Exercise objective: Pictures in the entries below are excluded; copy only the lines from the one containing "Stock photo: Young" to the one containing "A small enclosed", both included.
────────────────────
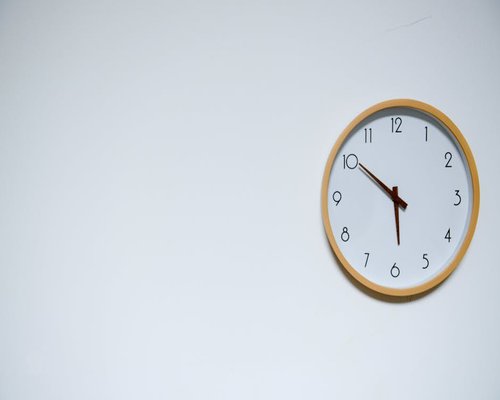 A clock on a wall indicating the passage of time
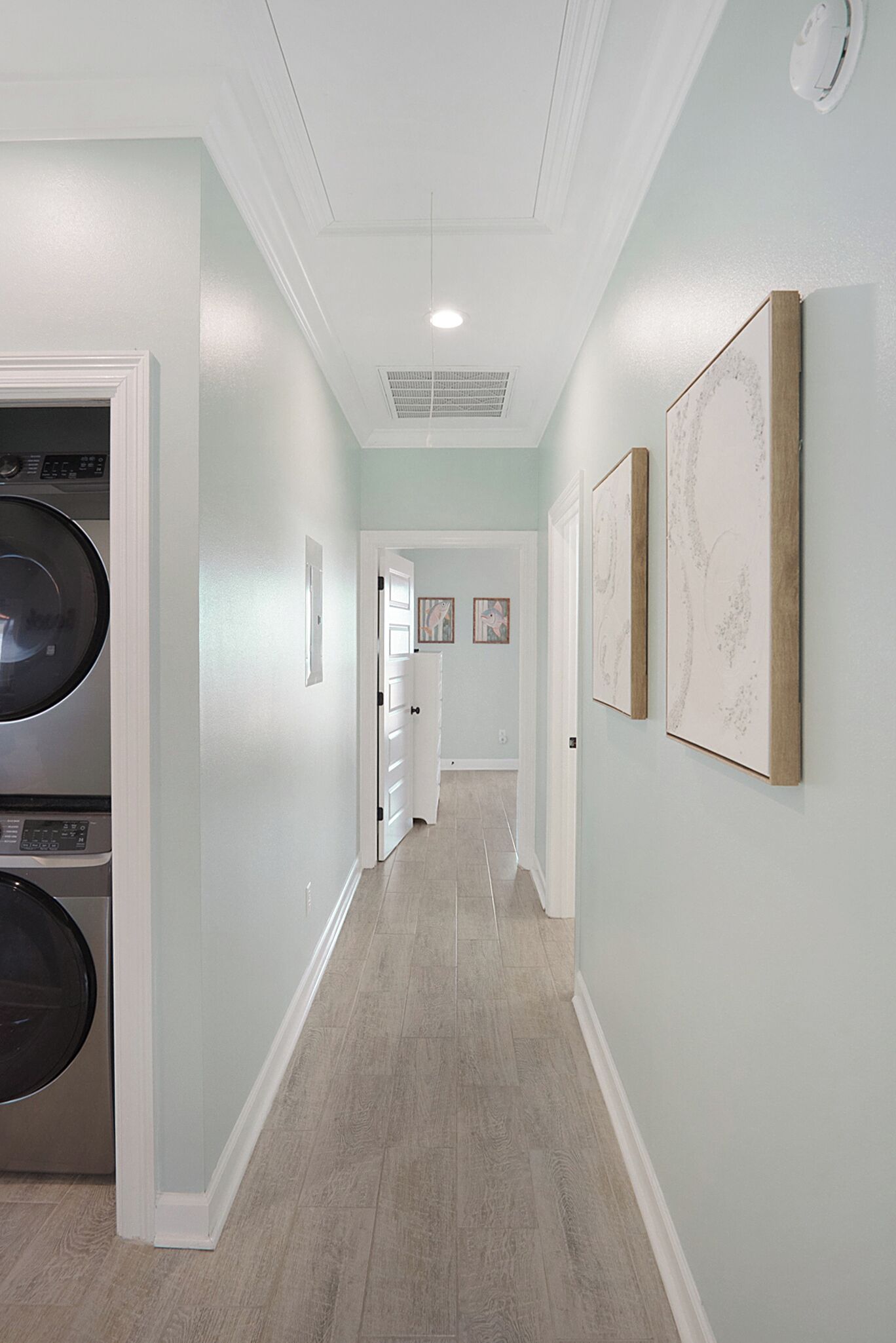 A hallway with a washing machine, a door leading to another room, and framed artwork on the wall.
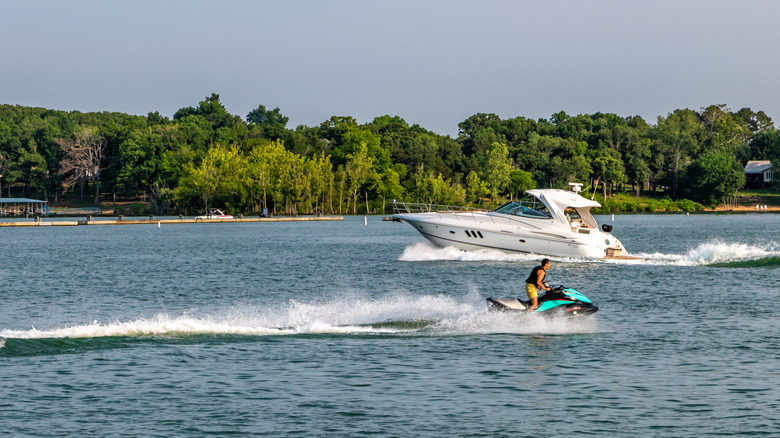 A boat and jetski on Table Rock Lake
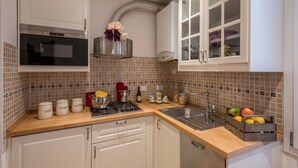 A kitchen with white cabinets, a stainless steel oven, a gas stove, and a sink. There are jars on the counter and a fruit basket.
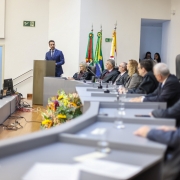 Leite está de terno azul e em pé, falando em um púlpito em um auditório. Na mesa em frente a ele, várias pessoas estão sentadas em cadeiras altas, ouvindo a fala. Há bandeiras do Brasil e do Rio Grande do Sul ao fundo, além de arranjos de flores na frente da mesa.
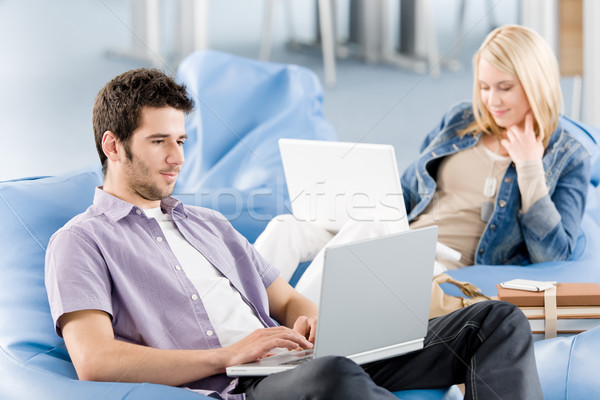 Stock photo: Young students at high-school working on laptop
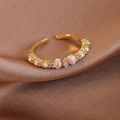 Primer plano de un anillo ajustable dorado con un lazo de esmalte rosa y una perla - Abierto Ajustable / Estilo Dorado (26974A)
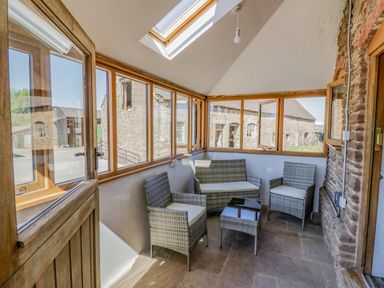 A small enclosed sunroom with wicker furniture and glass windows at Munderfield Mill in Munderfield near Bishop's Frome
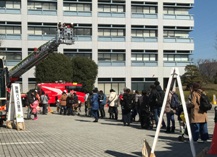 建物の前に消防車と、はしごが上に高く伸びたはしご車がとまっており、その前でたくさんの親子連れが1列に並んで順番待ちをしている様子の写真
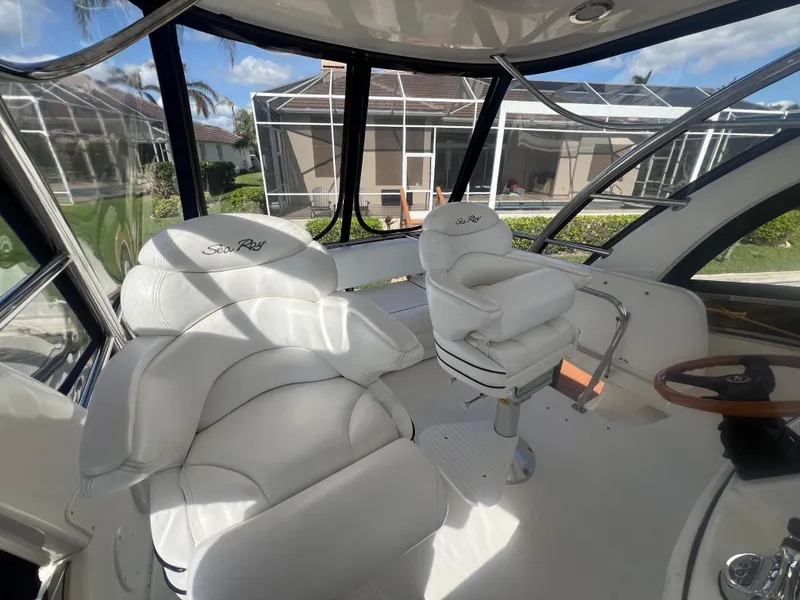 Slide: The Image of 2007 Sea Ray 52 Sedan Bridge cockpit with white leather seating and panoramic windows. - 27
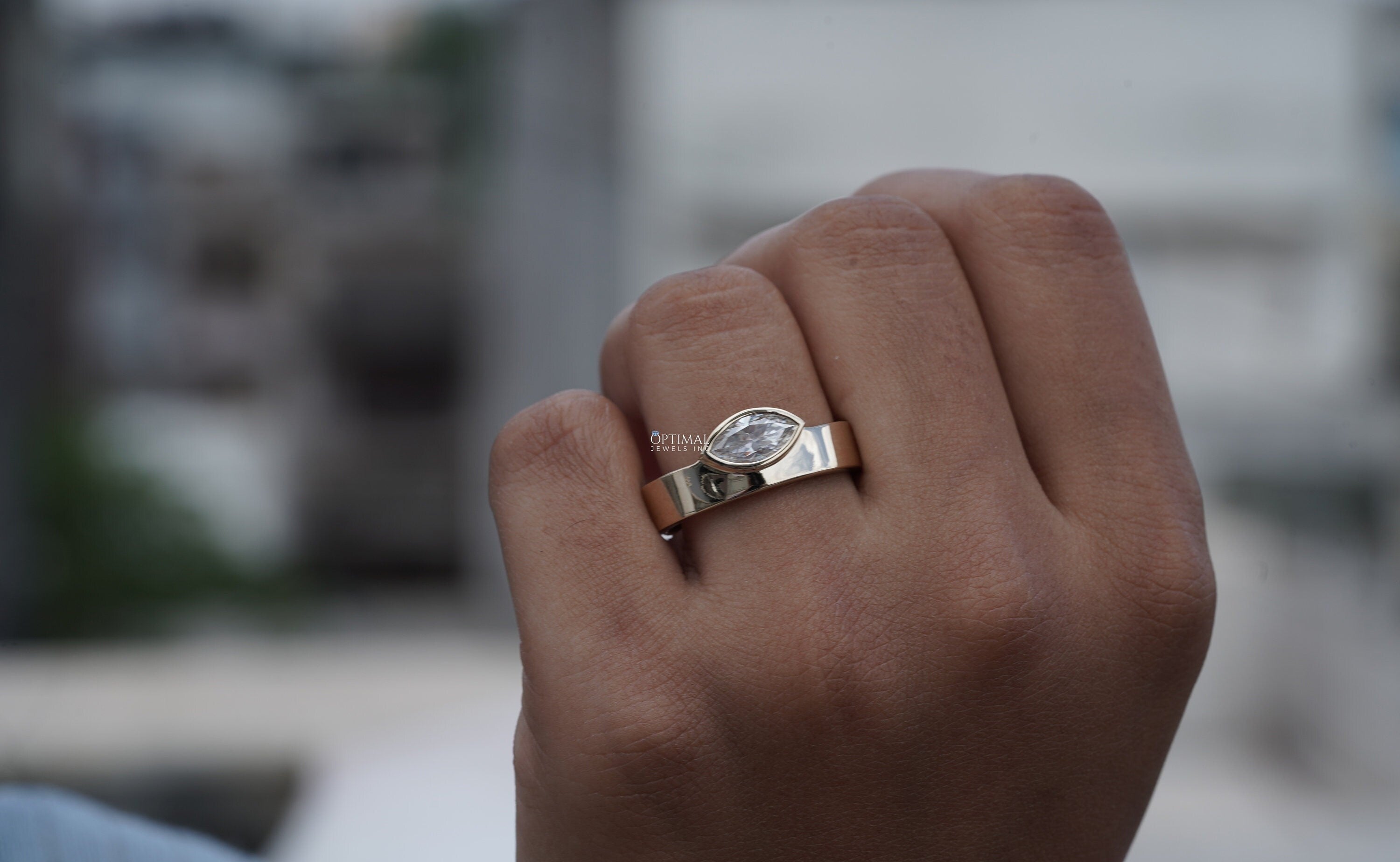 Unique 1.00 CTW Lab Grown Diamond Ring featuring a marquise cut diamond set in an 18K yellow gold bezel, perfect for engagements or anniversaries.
────────────────────
Response box:
 Stock photo: Young students at high-school working on laptop
 Primer plano de un anillo ajustable dorado con un lazo de esmalte rosa y una perla - Abierto Ajustable / Estilo Dorado (26974A)
 A small enclosed sunroom with wicker furniture and glass windows at Munderfield Mill in Munderfield near Bishop's Frome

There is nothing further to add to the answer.